A criminal defendant is entitled, under the sixth and fourteenth amendments to the United States constitu*260tion and by article first, § 8, of the constitution of Connecticut, to effective assistance of counsel. See Gideon v. Wainwright, 372 U.S. 335, 83 S. Ct. 792, 9 L. Ed. 2d 799 (1963); Johnson v. Commissioner of Correction, 36 Conn. App. 695, 700-701, 652 A.2d 1050, cert. denied, 233 Conn. 912, 659 A.2d 183 (1995). A criminal defendant is not constitutionally entitled to error free representation. Commissioner of Correction v. Rodriquez, 222 Conn. 469, 478, 610 A.2d 631 (1992). “A convicted defendant’s claim that counsel’s assistance was so defective as to require reversal of a conviction . . . has two components. First, the defendant must show that counsel’s performance was deficient. . . . Second, the defendant must show that the deficient performance prejudiced the defense. . . . Unless a defendant makes both showings, it cannot be said that the conviction . . . resulted from a breakdown in the adversary process that renders the result unreliable.” Strickland v. Washington, 466 U.S. 668, 687, 104 S. Ct. 2052, 80 L. Ed. 2d 674 (1984); Lozada v.

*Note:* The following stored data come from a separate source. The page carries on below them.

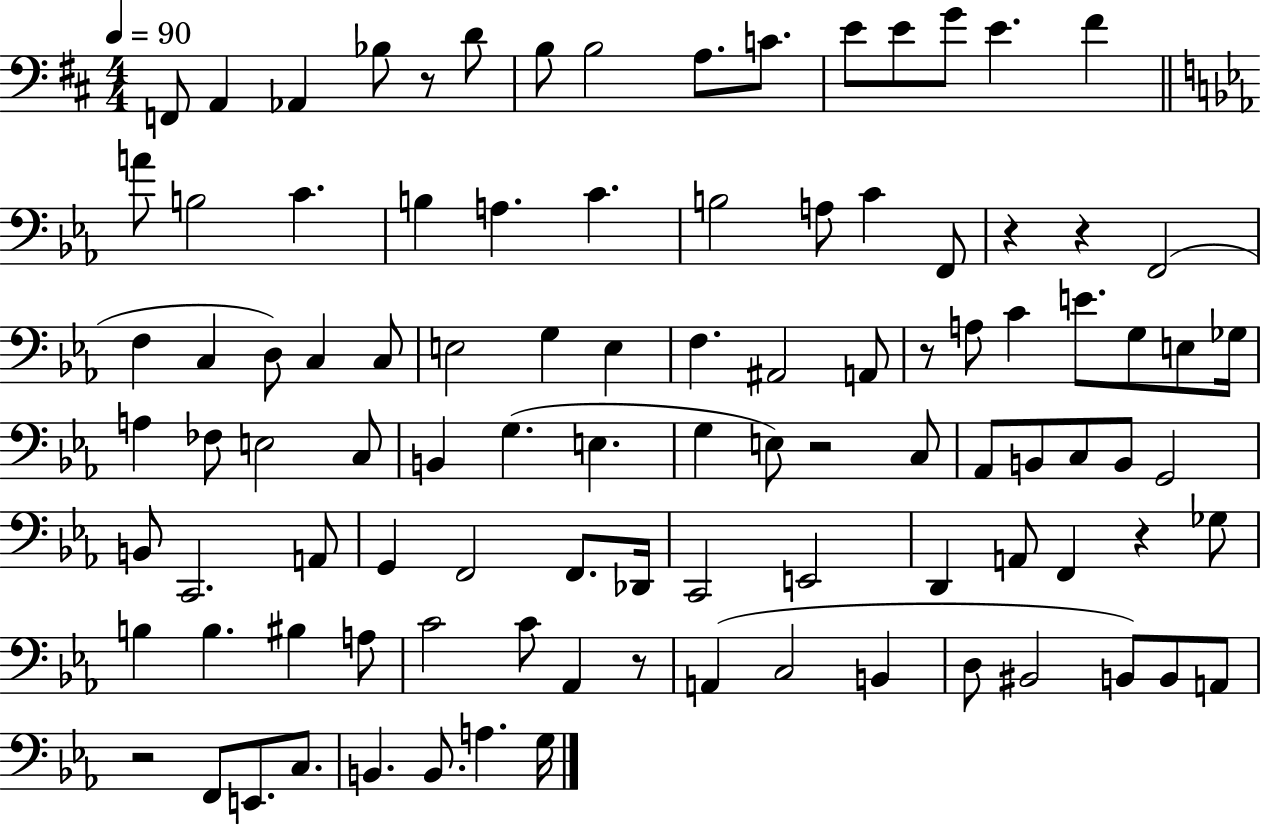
X:1
T:Untitled
M:4/4
L:1/4
K:D
F,,/2 A,, _A,, _B,/2 z/2 D/2 B,/2 B,2 A,/2 C/2 E/2 E/2 G/2 E ^F A/2 B,2 C B, A, C B,2 A,/2 C F,,/2 z z F,,2 F, C, D,/2 C, C,/2 E,2 G, E, F, ^A,,2 A,,/2 z/2 A,/2 C E/2 G,/2 E,/2 _G,/4 A, _F,/2 E,2 C,/2 B,, G, E, G, E,/2 z2 C,/2 _A,,/2 B,,/2 C,/2 B,,/2 G,,2 B,,/2 C,,2 A,,/2 G,, F,,2 F,,/2 _D,,/4 C,,2 E,,2 D,, A,,/2 F,, z _G,/2 B, B, ^B, A,/2 C2 C/2 _A,, z/2 A,, C,2 B,, D,/2 ^B,,2 B,,/2 B,,/2 A,,/2 z2 F,,/2 E,,/2 C,/2 B,, B,,/2 A, G,/4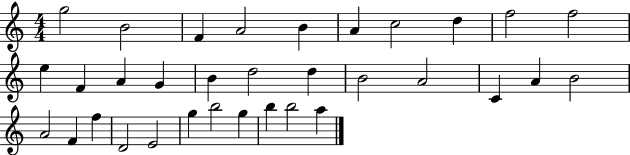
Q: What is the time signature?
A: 4/4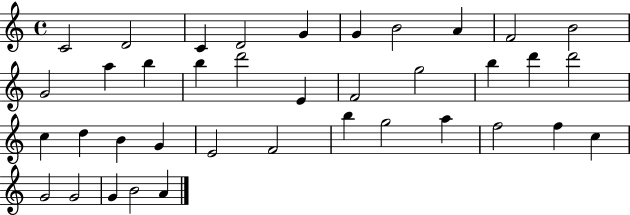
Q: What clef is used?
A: treble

Warden, 223 Conn. 834, 842-43, 613 A.2d 818 (1992).

Phrased otherwise, “[a] petitioner claiming ineffective assistance of counsel must satisfy a two-pronged test: (1) that his attorney made errors so serious as to cease functioning as counsel, and (2) that ‘there is a reasonable probability that, but for counsel’s unprofessional errors, the result of the proceeding would have been different.’ Phillips v. Warden, 220 Conn. 112, 132, 595 A.2d 1356 (1991), quoting Strickland v. Washington, [supra, 466 U.S. 694].” Rouillard v. Commissioner of Correction, supra, 35 Conn. App. 759. “A fair assessment of attorney performance requires that every effort be made to eliminate the distorting effects of hindsight, to reconstruct the circumstances of counsel’s challenged conduct, and to evaluate the conduct from counsel’s perspective at the time.” (Internal quotation marks omitted.) Johnson v. Commissioner of Correction, 222 *261Conn. 87, 92, 608 A.2d 667 (1992). A reviewing court must indulge a strong presumption that counsel’s conduct falls within the wide range of reasonable professional assistance. Stricklands v. Washington, supra, 689. Also, the “petitioner must overcome the presumption that, under the circumstances, the challenged action might be considered sound trial strategy.” Siano v. Warden, 31 Conn. App. 94, 97, 623 A.2d 1035, cert. denied, 226 Conn. 910, 628 A.2d 984 (1993).

Here, defense counsel testified that his investigation disclosed that any testimony, at the time of trial, of the petitioner’s mother, sister and girlfriend would not have helped the petitioner. Counsel stated further that an investigation failed to disclose the names of any of the twenty witnesses alleged by the petitioner to have been in the vicinity of the crime two hours before it occurred. The victim had testified that the petitioner was in a crowd of people across the street from the crime scene and had threatened him at that time. State v. Cosby, supra, 44 Conn. App. 28.

The petitioner has failed to show that defense counsel’s performance failed to comply with the standards recited previously. The court, therefore, acted properly, lawfully and in accordance with applicable law when it dismissed the petition for a writ of habeas corpus.

The judgment is affirmed.

In this opinion the other judges concurred.

The court thereafter granted the petitioner’s petition for certification to appeal from the dismissal of the petition for a writ of habeas corpus.